Low latency high availability patterns
Design patterns I learned from DynamoDB and S3.
After watching the re:Invent 2024 DynamoDB (DAT406) and S3 (STG302) deep dives, I learned that DynamoDB uses an in-memory data store (MemDS) that serves their request routers.
DynamoDB is a low latency (response time < 10 MS) and highly available system, and I learned it uses Request hedging and Constant work as design patterns to help achieve this. S3 also uses a pattern called Shuffle sharding (I’m not sure if DynamoDB also uses that, but it seems likely to me).
Request hedging
Request hedging is a design pattern to deal with tail latencies in distributed systems. It’s both used by DynamoDB and S3.
The main idea is to always make to 2 request, and use the fastest one.
This works, because when the distribution of response times is a bell curve (normal distribution), and you happen to serve a request at the tail, by sending 2 requests, odds are pretty low that both requests will be slow.
Request hedging is a bet. It will not always pay off. But in practice, it’s very effective. This pattern was invented at Google (Dean and Barroso).
Shuffle sharding
Shuffle sharding is a design pattern used by S3 to “randomly” allocate workloads. It prevents contention and “hot” workloads, by sharing resources more efficiently.
Shuffle sharding makes request hedging more effective because it helps ensure the hedged requests are going to truly independent paths through the system.
But shuffle sharding also helps achieve high availability:
- By randomly spreading workloads, there’s a very high chance a failure will succeed the second time.
- By isolating workloads to handle DDoS attacks
Power of two random choices
Random allocation is okay, but has a high risk to be inefficient. Because it essentially gives you a bell curve (normal distribution), which has an imbalanced distribution.

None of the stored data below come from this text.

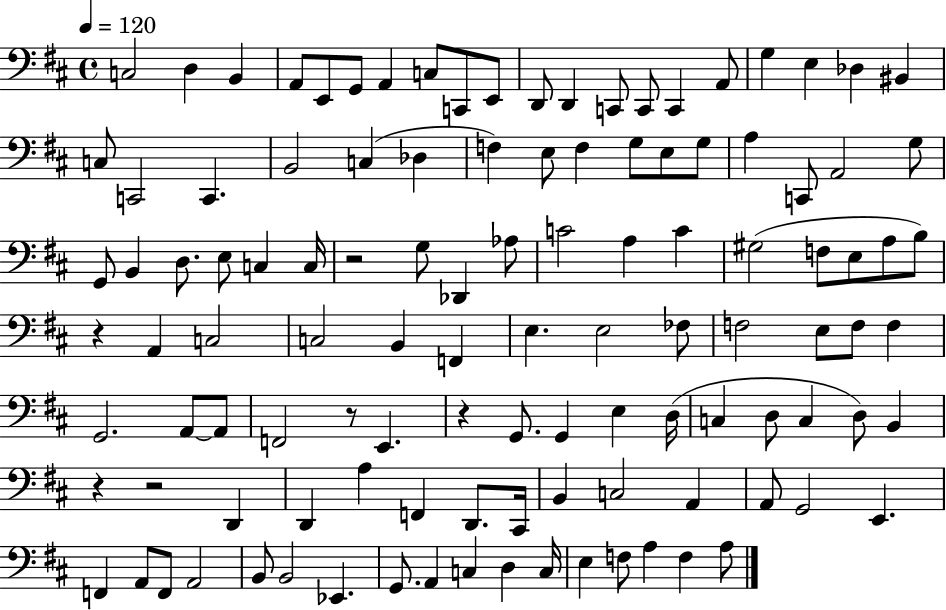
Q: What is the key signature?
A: D major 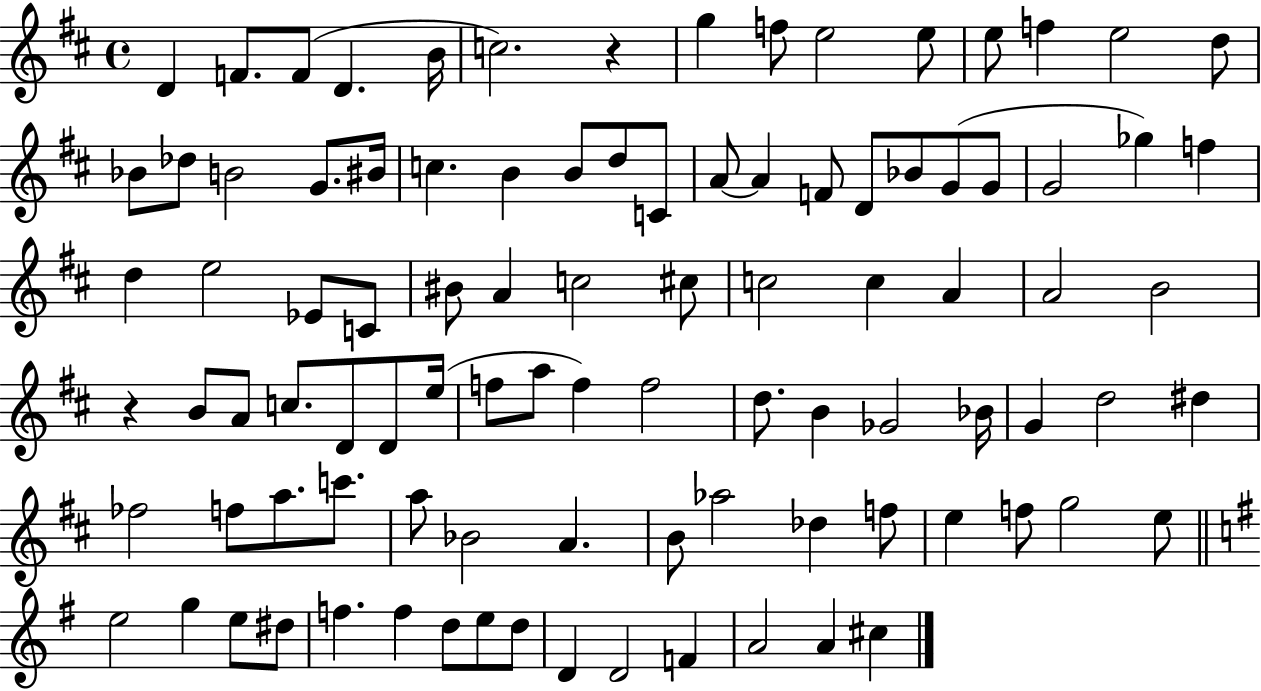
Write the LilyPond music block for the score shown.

{
  \clef treble
  \time 4/4
  \defaultTimeSignature
  \key d \major
  d'4 f'8. f'8( d'4. b'16 | c''2.) r4 | g''4 f''8 e''2 e''8 | e''8 f''4 e''2 d''8 | \break bes'8 des''8 b'2 g'8. bis'16 | c''4. b'4 b'8 d''8 c'8 | a'8~~ a'4 f'8 d'8 bes'8 g'8( g'8 | g'2 ges''4) f''4 | \break d''4 e''2 ees'8 c'8 | bis'8 a'4 c''2 cis''8 | c''2 c''4 a'4 | a'2 b'2 | \break r4 b'8 a'8 c''8. d'8 d'8 e''16( | f''8 a''8 f''4) f''2 | d''8. b'4 ges'2 bes'16 | g'4 d''2 dis''4 | \break fes''2 f''8 a''8. c'''8. | a''8 bes'2 a'4. | b'8 aes''2 des''4 f''8 | e''4 f''8 g''2 e''8 | \break \bar "||" \break \key g \major e''2 g''4 e''8 dis''8 | f''4. f''4 d''8 e''8 d''8 | d'4 d'2 f'4 | a'2 a'4 cis''4 | \break \bar "|."
} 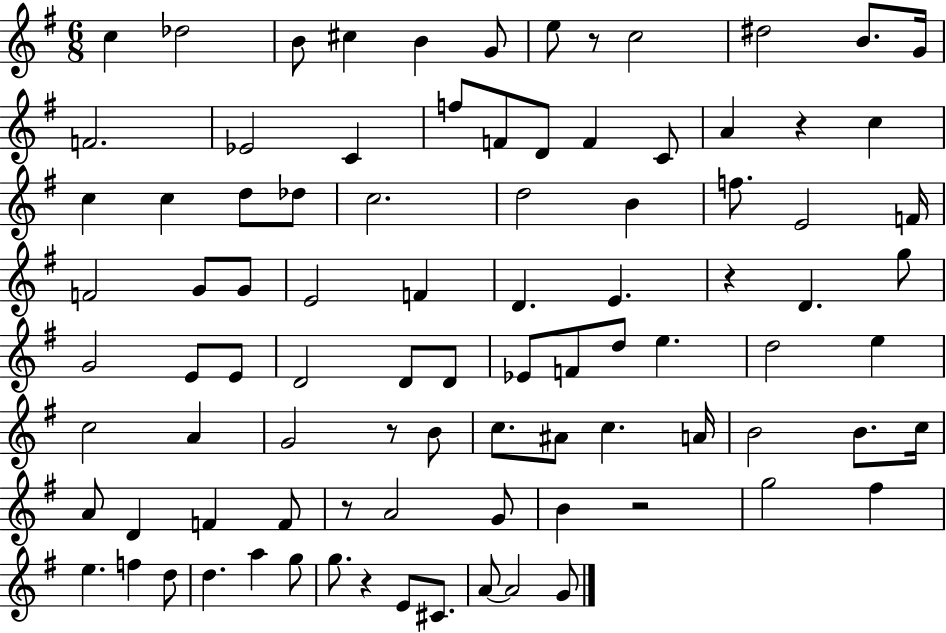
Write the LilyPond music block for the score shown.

{
  \clef treble
  \numericTimeSignature
  \time 6/8
  \key g \major
  \repeat volta 2 { c''4 des''2 | b'8 cis''4 b'4 g'8 | e''8 r8 c''2 | dis''2 b'8. g'16 | \break f'2. | ees'2 c'4 | f''8 f'8 d'8 f'4 c'8 | a'4 r4 c''4 | \break c''4 c''4 d''8 des''8 | c''2. | d''2 b'4 | f''8. e'2 f'16 | \break f'2 g'8 g'8 | e'2 f'4 | d'4. e'4. | r4 d'4. g''8 | \break g'2 e'8 e'8 | d'2 d'8 d'8 | ees'8 f'8 d''8 e''4. | d''2 e''4 | \break c''2 a'4 | g'2 r8 b'8 | c''8. ais'8 c''4. a'16 | b'2 b'8. c''16 | \break a'8 d'4 f'4 f'8 | r8 a'2 g'8 | b'4 r2 | g''2 fis''4 | \break e''4. f''4 d''8 | d''4. a''4 g''8 | g''8. r4 e'8 cis'8. | a'8~~ a'2 g'8 | \break } \bar "|."
} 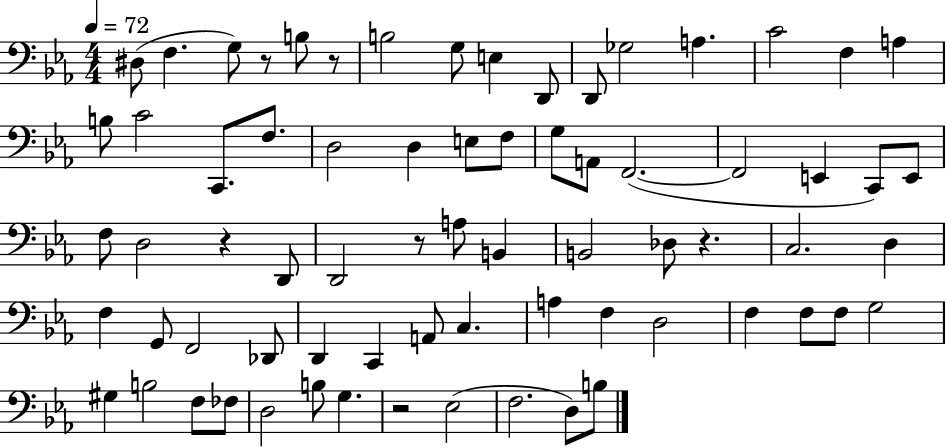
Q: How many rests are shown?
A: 6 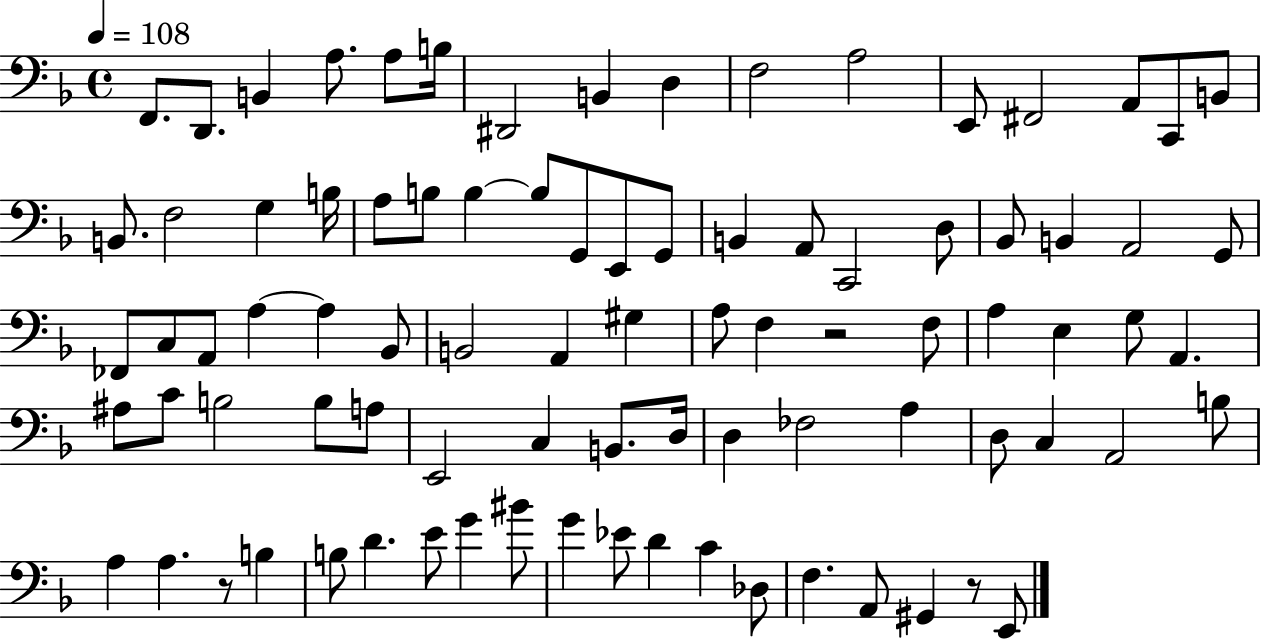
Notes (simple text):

F2/e. D2/e. B2/q A3/e. A3/e B3/s D#2/h B2/q D3/q F3/h A3/h E2/e F#2/h A2/e C2/e B2/e B2/e. F3/h G3/q B3/s A3/e B3/e B3/q B3/e G2/e E2/e G2/e B2/q A2/e C2/h D3/e Bb2/e B2/q A2/h G2/e FES2/e C3/e A2/e A3/q A3/q Bb2/e B2/h A2/q G#3/q A3/e F3/q R/h F3/e A3/q E3/q G3/e A2/q. A#3/e C4/e B3/h B3/e A3/e E2/h C3/q B2/e. D3/s D3/q FES3/h A3/q D3/e C3/q A2/h B3/e A3/q A3/q. R/e B3/q B3/e D4/q. E4/e G4/q BIS4/e G4/q Eb4/e D4/q C4/q Db3/e F3/q. A2/e G#2/q R/e E2/e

Instead, look at 2 random choices and pick the better one. This is a lot more effective.
Constant work
DynamoDB uses a design pattern called constant work to make sure a (part of a) system always runs in the same “steady state”. This prevents potentially overloading the system, and helps make it highly available.
This is especially important for systems that use (in-memory) caches.
DynamoDB’s request routers have their own in-memory cache, but even for cache hits, they send request(s) to their storage (MemDS), so that when they lose the in-memory cache in the router for whatever reason, the storage “doesn’t notice”.